Let us start by solving a simple problem:

There is a chessboard with 8 x 8 squares. There are the White King and Black Queen on it. Check whether the Queen could take the King.

Remember - Queen could move to any distance vertically, horizontally or along any of two diagonals.

8  - Q - - - - - -     - - - - - - - -
7  - - - - Q - - -     - - - - - - Q -
6  - - - - - - - -     - - - - - - - -
5  - - - - - - - -     - - - Q - - - -
4  - K - - - - Q -     - - Q - - - - -
3  - - - - - - - -     - - - - - - - -
2  - - - Q - - - -     - - - - - K - -
1  - - - - - - - -     - Q - - - - - -
   a b c d e f g h     a b c d e f g h

See these two examples, with schematically drawn boards. On both the King is shown with letter K while marks Q shows variants of placing the Queen.

Notice how the squares of the board are addressed. Columns (called files) are marked with latin letters from a to h, while rows (called ranks) are marked with digits from 1 to 8. So the King on the left diagram sits on the b4 square - and on the right diagram on the f2. We shall use this notation.

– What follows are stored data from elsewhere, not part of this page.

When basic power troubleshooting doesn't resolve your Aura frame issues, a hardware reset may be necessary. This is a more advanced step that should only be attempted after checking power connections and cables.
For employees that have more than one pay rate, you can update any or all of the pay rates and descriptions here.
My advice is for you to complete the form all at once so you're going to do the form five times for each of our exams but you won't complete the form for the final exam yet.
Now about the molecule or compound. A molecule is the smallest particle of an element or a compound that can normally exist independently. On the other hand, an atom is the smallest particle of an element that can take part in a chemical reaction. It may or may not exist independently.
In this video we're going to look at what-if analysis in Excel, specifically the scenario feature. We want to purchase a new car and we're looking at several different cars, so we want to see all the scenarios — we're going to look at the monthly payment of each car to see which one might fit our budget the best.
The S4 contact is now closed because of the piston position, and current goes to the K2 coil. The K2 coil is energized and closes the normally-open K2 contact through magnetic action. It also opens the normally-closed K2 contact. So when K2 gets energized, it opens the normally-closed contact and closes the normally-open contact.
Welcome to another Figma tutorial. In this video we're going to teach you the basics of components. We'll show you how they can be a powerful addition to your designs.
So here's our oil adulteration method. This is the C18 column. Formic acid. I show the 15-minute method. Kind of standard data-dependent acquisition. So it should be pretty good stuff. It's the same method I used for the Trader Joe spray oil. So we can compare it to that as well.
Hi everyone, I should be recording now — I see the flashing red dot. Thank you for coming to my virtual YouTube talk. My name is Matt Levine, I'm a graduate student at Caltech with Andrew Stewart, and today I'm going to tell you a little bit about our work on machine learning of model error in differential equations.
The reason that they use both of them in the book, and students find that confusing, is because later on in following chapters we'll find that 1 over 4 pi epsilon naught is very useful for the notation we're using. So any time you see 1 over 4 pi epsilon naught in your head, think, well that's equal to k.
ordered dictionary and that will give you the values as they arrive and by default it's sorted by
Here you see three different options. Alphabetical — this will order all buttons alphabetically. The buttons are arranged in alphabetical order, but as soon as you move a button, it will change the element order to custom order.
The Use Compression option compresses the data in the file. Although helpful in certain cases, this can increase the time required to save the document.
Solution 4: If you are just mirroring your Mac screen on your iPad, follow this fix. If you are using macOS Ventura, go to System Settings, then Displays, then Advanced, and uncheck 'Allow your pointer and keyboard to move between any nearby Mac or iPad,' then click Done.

Input data contain the number of test-cases in the first line.
Next lines describe placement of the King and Queen for each testcase, by specifying their squares (King's first).
Answer should give only letter Y or N for each of test-cases, meaning that King could be taken or not respectively. Separate letters with spaces.

Example:

input data:
8
b4 b8
b4 e7
b4 d2
b4 g4
f2 b1
f2 c4
f2 d5
f2 g7

answer:
Y Y Y Y N N N N

In this example the positions are taken from both of diagrams above - cases 1..4 from the left diagram and others from the right.